Where the line with "Y2K Button Belted" appears below, start writing out lines exactly, and finish with the line with "Luan Santana, no", which is included; write out nothing else.

Excerpts from a dataset:
———

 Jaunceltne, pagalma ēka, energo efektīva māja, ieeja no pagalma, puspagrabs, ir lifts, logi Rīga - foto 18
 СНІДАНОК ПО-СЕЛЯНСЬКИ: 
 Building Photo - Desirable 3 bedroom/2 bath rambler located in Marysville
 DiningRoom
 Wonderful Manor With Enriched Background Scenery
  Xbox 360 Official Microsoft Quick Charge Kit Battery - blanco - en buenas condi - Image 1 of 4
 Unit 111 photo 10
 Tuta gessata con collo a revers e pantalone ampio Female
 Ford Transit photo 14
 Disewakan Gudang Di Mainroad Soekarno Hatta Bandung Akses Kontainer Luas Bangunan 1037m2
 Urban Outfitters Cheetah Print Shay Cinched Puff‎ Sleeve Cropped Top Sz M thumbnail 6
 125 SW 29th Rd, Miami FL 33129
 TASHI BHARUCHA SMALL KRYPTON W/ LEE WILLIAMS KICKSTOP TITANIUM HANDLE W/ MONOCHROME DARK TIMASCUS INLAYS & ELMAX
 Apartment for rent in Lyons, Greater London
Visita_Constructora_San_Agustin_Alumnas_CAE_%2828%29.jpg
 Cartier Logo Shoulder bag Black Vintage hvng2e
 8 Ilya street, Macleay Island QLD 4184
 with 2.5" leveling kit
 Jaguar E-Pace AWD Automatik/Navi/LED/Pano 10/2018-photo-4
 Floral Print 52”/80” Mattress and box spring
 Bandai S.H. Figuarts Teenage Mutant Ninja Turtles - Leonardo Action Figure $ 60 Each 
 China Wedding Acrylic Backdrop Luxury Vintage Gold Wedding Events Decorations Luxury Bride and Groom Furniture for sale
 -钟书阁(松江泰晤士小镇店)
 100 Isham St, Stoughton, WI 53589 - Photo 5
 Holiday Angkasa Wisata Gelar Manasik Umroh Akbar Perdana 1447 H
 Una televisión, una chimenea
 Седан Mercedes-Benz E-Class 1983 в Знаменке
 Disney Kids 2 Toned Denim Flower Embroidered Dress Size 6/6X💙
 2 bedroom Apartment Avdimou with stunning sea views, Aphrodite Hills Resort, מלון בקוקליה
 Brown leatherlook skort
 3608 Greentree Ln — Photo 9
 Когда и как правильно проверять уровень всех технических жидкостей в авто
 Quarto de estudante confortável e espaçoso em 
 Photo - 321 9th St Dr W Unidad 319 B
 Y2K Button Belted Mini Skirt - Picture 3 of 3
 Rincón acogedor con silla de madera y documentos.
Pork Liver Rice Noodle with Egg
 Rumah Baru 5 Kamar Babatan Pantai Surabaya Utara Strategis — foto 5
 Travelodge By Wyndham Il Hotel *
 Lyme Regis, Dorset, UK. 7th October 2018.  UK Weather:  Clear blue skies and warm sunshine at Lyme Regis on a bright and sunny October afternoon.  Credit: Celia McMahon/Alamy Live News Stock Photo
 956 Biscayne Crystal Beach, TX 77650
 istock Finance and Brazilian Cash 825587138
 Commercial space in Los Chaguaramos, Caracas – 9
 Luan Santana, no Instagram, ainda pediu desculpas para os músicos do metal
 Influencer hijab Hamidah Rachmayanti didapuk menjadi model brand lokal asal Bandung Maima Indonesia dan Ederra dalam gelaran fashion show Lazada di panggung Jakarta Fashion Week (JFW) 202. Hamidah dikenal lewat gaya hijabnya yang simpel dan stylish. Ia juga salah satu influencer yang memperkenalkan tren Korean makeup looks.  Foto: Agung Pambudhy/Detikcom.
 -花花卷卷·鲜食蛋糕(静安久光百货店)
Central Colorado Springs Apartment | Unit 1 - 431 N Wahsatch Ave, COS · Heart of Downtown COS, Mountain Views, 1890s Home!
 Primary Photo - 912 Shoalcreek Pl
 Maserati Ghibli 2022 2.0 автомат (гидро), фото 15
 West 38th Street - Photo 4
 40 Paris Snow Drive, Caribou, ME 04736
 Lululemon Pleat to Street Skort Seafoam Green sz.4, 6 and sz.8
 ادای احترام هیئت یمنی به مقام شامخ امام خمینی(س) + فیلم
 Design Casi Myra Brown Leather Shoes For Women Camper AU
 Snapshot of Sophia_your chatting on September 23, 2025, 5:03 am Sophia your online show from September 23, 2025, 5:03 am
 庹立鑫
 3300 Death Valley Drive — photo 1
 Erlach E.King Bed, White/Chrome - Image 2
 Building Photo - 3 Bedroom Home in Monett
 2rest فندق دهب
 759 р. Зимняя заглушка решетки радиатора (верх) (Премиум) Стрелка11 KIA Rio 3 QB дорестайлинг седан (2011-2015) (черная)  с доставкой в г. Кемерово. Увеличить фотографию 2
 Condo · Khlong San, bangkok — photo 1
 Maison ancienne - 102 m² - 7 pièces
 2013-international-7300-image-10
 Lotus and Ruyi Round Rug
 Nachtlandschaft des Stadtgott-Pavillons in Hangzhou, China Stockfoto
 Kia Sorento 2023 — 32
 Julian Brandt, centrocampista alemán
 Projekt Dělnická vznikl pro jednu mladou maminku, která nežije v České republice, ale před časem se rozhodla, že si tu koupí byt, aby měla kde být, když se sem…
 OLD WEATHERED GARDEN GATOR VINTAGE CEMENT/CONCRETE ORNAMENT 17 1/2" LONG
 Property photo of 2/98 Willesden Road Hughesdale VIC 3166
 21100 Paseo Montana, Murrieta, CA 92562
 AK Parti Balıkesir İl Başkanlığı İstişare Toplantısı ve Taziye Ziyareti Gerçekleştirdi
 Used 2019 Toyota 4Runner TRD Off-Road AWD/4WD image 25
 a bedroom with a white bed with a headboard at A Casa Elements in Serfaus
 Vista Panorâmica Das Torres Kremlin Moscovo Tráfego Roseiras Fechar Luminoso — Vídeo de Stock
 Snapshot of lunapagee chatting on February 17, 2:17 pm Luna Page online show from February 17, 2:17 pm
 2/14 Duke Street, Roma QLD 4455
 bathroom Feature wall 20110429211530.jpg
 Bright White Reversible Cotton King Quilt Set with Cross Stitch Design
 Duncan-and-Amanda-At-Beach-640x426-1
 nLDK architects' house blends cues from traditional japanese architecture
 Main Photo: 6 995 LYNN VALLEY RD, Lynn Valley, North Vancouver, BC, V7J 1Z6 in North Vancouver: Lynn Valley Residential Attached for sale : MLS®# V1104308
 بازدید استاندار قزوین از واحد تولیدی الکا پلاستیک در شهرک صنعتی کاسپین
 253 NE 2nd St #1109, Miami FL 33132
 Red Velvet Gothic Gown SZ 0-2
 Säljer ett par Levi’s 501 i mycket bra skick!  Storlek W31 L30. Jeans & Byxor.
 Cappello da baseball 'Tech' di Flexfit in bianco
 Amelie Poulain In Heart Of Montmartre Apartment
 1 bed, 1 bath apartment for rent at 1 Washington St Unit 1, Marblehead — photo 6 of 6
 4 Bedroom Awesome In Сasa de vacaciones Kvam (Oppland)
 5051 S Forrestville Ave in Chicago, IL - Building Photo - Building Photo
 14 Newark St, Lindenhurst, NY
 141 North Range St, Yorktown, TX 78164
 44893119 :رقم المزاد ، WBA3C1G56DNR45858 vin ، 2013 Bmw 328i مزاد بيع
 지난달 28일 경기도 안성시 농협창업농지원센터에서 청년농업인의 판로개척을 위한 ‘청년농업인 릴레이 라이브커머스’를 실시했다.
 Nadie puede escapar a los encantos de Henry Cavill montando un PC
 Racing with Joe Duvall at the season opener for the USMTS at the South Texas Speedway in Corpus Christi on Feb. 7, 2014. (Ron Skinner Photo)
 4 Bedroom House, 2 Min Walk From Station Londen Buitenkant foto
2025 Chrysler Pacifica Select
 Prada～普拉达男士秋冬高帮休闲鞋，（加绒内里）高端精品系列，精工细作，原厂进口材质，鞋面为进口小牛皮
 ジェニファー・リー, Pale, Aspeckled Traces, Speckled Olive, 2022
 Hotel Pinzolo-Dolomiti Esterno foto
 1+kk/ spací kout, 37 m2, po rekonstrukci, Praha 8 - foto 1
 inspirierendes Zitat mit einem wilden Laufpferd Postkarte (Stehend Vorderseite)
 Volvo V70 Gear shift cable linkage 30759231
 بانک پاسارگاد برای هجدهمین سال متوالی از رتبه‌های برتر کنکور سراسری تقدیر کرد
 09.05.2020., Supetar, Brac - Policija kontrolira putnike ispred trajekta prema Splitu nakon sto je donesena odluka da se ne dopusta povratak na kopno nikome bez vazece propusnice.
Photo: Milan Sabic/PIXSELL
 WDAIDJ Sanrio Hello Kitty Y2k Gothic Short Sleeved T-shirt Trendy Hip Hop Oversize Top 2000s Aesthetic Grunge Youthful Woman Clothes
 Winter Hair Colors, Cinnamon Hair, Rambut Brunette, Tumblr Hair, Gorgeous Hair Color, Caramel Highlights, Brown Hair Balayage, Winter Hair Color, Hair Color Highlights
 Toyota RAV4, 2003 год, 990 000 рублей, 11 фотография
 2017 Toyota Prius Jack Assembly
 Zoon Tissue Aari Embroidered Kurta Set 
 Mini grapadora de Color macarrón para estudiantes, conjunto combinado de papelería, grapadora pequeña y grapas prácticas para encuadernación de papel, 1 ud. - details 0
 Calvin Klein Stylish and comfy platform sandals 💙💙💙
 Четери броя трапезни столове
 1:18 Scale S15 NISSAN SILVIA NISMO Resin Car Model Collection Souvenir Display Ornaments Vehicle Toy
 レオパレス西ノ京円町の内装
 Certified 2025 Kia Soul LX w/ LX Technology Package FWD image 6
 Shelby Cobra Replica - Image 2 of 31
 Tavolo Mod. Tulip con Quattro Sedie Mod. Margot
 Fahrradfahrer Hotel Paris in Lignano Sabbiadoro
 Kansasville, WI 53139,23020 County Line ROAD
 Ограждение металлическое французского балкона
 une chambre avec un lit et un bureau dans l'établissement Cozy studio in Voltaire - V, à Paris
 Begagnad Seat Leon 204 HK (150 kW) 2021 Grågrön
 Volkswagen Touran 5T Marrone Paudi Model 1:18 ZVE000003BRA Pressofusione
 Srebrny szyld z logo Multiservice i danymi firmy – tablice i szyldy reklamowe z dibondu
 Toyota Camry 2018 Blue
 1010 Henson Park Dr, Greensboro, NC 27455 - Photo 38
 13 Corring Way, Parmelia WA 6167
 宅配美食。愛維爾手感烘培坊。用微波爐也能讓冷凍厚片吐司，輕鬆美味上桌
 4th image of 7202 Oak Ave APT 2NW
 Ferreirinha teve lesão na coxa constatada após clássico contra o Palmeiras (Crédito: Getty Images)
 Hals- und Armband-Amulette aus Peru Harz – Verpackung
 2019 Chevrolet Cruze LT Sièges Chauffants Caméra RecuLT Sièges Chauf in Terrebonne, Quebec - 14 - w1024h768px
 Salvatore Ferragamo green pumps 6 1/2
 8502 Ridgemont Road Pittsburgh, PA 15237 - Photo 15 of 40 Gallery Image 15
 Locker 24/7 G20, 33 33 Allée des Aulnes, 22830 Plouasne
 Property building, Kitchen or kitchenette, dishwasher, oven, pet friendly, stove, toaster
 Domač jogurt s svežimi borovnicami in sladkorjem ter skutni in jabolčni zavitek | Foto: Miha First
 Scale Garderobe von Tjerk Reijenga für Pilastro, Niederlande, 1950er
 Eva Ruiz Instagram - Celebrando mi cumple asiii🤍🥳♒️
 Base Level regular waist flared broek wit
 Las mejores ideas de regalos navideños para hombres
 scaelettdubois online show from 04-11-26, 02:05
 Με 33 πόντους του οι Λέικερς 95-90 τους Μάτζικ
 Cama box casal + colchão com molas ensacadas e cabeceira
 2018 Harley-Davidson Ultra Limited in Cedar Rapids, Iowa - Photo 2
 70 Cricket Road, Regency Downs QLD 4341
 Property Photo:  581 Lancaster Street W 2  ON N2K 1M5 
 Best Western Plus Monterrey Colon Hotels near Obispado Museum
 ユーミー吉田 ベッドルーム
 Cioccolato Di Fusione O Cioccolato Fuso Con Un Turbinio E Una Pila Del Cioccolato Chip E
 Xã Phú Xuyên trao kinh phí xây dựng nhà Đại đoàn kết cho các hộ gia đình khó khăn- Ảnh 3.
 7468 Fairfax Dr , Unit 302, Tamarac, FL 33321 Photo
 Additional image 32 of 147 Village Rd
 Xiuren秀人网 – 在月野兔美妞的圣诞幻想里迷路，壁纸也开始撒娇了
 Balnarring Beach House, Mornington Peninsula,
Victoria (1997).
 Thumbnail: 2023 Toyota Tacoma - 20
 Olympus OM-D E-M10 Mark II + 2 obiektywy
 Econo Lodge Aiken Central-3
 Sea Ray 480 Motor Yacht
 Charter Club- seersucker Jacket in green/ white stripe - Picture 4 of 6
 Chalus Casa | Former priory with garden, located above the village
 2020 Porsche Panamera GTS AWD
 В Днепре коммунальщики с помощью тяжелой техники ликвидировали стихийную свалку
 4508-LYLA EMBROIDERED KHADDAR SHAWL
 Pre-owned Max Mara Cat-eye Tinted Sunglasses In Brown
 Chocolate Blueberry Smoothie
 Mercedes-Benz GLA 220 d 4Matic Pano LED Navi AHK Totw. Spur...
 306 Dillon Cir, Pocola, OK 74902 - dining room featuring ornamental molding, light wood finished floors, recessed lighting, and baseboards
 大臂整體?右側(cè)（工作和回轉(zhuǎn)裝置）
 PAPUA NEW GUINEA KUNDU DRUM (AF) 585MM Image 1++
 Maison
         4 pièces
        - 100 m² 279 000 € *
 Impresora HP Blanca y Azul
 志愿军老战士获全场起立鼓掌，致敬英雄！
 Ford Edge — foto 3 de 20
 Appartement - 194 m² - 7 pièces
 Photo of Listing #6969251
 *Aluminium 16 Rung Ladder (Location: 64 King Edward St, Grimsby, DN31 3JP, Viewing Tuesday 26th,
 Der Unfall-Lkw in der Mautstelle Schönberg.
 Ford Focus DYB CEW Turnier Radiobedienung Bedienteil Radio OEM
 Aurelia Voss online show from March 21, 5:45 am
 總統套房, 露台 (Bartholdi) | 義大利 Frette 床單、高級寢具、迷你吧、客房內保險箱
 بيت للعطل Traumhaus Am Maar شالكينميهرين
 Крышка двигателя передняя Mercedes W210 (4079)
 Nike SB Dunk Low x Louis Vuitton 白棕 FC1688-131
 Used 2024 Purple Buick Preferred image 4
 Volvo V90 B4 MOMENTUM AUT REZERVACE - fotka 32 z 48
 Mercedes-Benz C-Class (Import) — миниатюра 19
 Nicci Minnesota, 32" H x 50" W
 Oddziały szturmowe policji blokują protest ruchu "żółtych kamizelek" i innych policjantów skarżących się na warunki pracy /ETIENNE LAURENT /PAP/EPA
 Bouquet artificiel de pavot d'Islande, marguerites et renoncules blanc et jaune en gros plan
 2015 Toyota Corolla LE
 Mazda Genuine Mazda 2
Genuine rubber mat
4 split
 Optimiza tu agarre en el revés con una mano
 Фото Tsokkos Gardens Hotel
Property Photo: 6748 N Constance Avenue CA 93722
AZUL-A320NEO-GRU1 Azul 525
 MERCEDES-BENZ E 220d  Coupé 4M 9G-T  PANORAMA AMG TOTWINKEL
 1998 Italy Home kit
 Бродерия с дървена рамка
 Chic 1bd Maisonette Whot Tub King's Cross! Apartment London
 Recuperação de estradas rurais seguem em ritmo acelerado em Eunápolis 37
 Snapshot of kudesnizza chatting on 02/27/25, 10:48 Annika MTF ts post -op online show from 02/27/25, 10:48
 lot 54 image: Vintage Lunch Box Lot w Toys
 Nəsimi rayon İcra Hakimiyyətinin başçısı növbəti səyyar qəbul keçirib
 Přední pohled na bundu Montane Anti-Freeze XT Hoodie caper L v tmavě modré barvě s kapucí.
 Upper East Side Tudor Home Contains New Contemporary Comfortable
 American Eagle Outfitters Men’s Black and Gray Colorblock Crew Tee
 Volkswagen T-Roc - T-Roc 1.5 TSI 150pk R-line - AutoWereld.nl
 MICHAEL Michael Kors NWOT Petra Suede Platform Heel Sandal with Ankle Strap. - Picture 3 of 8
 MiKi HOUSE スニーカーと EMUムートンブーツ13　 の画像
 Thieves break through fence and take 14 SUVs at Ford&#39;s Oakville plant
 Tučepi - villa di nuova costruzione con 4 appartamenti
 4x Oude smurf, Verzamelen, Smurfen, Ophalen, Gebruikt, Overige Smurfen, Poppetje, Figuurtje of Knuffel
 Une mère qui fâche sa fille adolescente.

———

Exercise response:
 Y2K Button Belted Mini Skirt - Picture 3 of 3
 Rincón acogedor con silla de madera y documentos.
Pork Liver Rice Noodle with Egg
 Rumah Baru 5 Kamar Babatan Pantai Surabaya Utara Strategis — foto 5
 Travelodge By Wyndham Il Hotel *
 Lyme Regis, Dorset, UK. 7th October 2018.  UK Weather:  Clear blue skies and warm sunshine at Lyme Regis on a bright and sunny October afternoon.  Credit: Celia McMahon/Alamy Live News Stock Photo
 956 Biscayne Crystal Beach, TX 77650
 istock Finance and Brazilian Cash 825587138
 Commercial space in Los Chaguaramos, Caracas – 9
 Luan Santana, no Instagram, ainda pediu desculpas para os músicos do metal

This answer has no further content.